[[ DATA TO PROCESS open ]]
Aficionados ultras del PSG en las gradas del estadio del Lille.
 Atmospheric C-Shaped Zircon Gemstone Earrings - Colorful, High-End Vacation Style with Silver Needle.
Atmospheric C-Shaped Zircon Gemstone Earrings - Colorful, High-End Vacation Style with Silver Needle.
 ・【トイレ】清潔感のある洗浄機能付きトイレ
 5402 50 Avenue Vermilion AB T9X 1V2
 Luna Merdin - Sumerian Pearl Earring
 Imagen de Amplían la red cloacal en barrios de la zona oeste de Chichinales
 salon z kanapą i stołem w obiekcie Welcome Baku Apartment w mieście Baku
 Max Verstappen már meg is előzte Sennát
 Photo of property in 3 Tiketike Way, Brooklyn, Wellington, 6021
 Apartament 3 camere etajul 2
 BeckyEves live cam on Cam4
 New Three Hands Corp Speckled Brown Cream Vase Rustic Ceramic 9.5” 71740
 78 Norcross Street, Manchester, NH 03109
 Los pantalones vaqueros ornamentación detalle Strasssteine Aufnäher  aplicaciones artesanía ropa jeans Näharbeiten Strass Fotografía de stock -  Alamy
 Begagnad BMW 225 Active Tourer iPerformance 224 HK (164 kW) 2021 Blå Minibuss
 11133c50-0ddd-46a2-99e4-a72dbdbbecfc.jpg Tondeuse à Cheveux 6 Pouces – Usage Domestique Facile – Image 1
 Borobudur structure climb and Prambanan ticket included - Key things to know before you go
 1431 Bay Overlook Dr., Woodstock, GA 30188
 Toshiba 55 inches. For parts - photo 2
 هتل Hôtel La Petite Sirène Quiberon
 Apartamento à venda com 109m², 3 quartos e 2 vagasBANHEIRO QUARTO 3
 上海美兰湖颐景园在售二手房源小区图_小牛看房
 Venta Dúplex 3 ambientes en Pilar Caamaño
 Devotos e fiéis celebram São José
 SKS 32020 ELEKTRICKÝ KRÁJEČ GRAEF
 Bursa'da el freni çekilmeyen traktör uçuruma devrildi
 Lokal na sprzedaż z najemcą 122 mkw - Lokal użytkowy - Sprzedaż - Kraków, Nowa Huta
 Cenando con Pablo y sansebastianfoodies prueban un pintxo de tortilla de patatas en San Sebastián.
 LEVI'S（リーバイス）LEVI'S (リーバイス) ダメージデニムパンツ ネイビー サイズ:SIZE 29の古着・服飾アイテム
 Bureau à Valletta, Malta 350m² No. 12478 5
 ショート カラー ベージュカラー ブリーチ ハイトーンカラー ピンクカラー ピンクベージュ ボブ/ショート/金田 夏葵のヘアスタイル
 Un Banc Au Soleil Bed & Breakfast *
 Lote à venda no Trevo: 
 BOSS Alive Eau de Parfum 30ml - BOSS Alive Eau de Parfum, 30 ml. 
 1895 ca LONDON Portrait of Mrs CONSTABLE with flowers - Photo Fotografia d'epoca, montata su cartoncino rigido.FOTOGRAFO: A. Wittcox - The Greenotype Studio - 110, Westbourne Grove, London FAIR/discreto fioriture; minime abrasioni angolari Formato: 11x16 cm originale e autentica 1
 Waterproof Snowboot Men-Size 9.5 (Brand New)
[[ DATA TO PROCESS closed ]]
WORK TO COMPLETE = Which lines run from the one holding "New Three Hands" through the one holding "Venta Dúplex 3 ambientes en Pilar Caamaño" in the records above? Repeat them exactly, both included, and nothing more.

SOLUTION =
 New Three Hands Corp Speckled Brown Cream Vase Rustic Ceramic 9.5” 71740
 78 Norcross Street, Manchester, NH 03109
 Los pantalones vaqueros ornamentación detalle Strasssteine Aufnäher  aplicaciones artesanía ropa jeans Näharbeiten Strass Fotografía de stock -  Alamy
 Begagnad BMW 225 Active Tourer iPerformance 224 HK (164 kW) 2021 Blå Minibuss
 11133c50-0ddd-46a2-99e4-a72dbdbbecfc.jpg Tondeuse à Cheveux 6 Pouces – Usage Domestique Facile – Image 1
 Borobudur structure climb and Prambanan ticket included - Key things to know before you go
 1431 Bay Overlook Dr., Woodstock, GA 30188
 Toshiba 55 inches. For parts - photo 2
 هتل Hôtel La Petite Sirène Quiberon
 Apartamento à venda com 109m², 3 quartos e 2 vagasBANHEIRO QUARTO 3
 上海美兰湖颐景园在售二手房源小区图_小牛看房
 Venta Dúplex 3 ambientes en Pilar Caamaño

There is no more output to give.